Iron Chef Vietnam & Thailand Nguyen Van Tú at Red Ginger

By November 18, 2015 Foodie No Comments

Vietnamese cuisine takes center stage at City of Dreams Manila’s South East Asian restaurant, Red Ginger, as it brings in Nguyen Van Tú of Don’s Bistro in Vietnam, ranked in Asia’s 50 Best Restaurants 2013 by San Pellegrino. Chef Nguyen is also the star of the internationally-acclaimed cooking show franchise, “Iron Chef” in Vietnam and Thailand.

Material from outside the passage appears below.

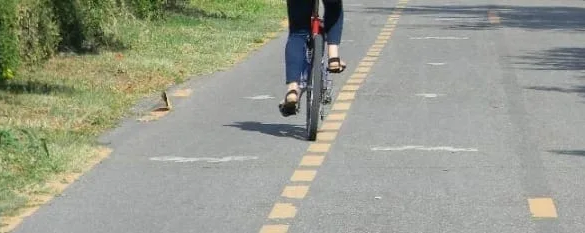 Un șofer de 75 de ani a accidentat GRAV un copil de 12 ani care mergea cu bicicleta pe contrasens, între Jebel și Ciacova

Chef Nguyen Van Tu,Iron Chef Vietnam & Thailand

On November 18 to 27, Chef Nguyen, executive chef of the award-winning Don’s Bistro in Hanoi, will be preparing dishes served at his acclaimed restaurant. One of Vietnam’s renowned culinary masters with over two decades of experience in creating both fine cuisine and comfort food alike, Chef Nguyen’s repertoire of dishes ranges from Vietnamese and Asian to French, Italian, and American specialties. He is currently the Chairman of Hanoi Chefs Association

At Red Ginger, Vietnamese food lovers will revel in Don Bistro specialties, which include: Chef Tu’s Assorted Wraps and Rolls such as Fresh Rice Paper Roll with BBQ Pork, Duck Confit, Mushroom, Banh Xeo; Pho Wrap with Sliced Angus Beef; Pho Wrap with Sliced Angus Beef; Mustard Leave Roll with Pork, Shrimp and Hue Sauce; and Shrimp and Cabbage Roll with Peanut Sauce; Signature dishes Bun Bo Nam Bo (sticky rice noodles, Angus beef fillet, garlic, pickle, peanut, fried shallots, and gastrique); Chef Tu’s Bahn Mi (Vietnamese baguette, crispy pork belly, pate, cucumber, coriander, and chili sauce); and Pho Bo (beef in Hanoi beef broth, rice noodles, and fresh herbs); as well as sweet treats Iced Hanoi Style Fruit with sweet coconut milk; Bahn Troi (stuffed sticky rice balls); and Passion Fruit Crème Brulee. The regular a la carte menu will also be available during the promotion.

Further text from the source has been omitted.